A) This is a TiVo forum. We are naturally biased.

B) I have both in the house I'm living in right now, although I don't know X1 that well. My take is that X1 is a pretty good knock-off of TiVo, but it's not TiVo, and never will be TiVo. You're also not going to be getting 6 tuners and up to 6TB of storage like TiVo, and TiVo is cheaper over the 48-month amortization period of TiVos with Lifetime service.

C) Unlike other providers, the On Demand isn't an issue, as it's available on TiVo. On Demand isn't really useful to a TiVo user, but at least it is available, and of any On Demand system, Comcast's has the most content available.

So I'd say TiVo.


----------



## MikeekiM (Jun 25, 2002)

Nicholsen said:


> No cable card (yes, it's not fair, but it's true)


When I returned my X1 DVR to Comcast, the person showed me through the heating vents that there was actually an M-Card cablecard inside the receiver...

Sure enough, I was able to make out the card sitting inside the receiver. I don't think there's anyway to access the card without pulling the chassis cover off...


----------



## cowboys2002 (Jun 15, 2001)

I recently changed from Uverse to Xfinity X1 on 7/11/15.

Initial impressions:

1. Picture quality is much better, sound is better as well (and I was just about to replace my circa 2007 720P HDTV (stop laughing).

2. Internet speed much faster and reliable.
3. Could care less about the phone, but it's pretty cool to get email alerts of missed calls at home and VM notifications on my phone.

4. I noticed with the boxes installed, I could not pause live TV in the gameroom or bedroom, only the main DVR. A call the CS revealed that "yes this is the case". The workaround was get into the habit of always recording programs as you watch them, then you can "pause" the recording. I tried it and it did not work. It was suggested that I can go to a Comcast store and exchange the boxes for boxes that allowed this, but I would go from 7 tuners to 6 tuners. They could not explain how replacing 2 boxes only changes the tuners by 1 

5. When I got to the store to exchange the boxes, I noted the xi1 boxes (the dvr is a xi3 and the other boxes are xi2) only had a power cord, ethernet out and HDMI input.
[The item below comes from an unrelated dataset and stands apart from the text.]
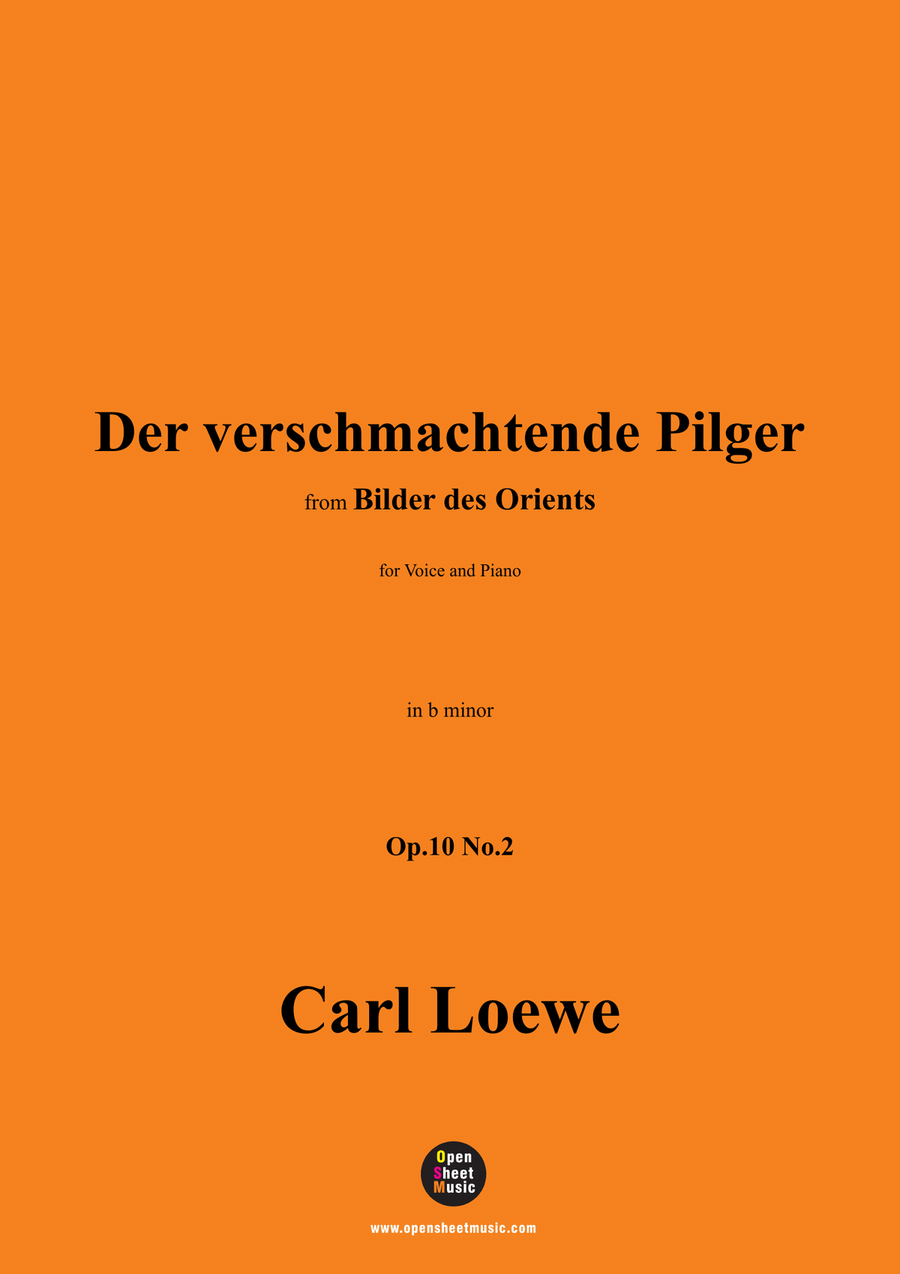 C. Loewe-Der verschmachtende Pilger,in b minor Piano, Vocal scores gallery preview page 1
Well, the tv upstairs is older than the bedroom tv (tube TV that still works coax and rca inputs).
6. Wife mentioned the technician said something about the TV upstairs about to "go out", The issue was that after years of swapping out RCA inputs the front inputs were worn. But, the xi2 box originally installed STILL had a COAX output. All he had to do was use that. I know that won't get me the best signal, but i'm not getting HD on that tv anyway (replacement this fall).

So I checked the set-up and verified the technician used my pre-existed whole house wiring, changed to coax input upstairs, and all is fine except the old tube tv can't pause live tv.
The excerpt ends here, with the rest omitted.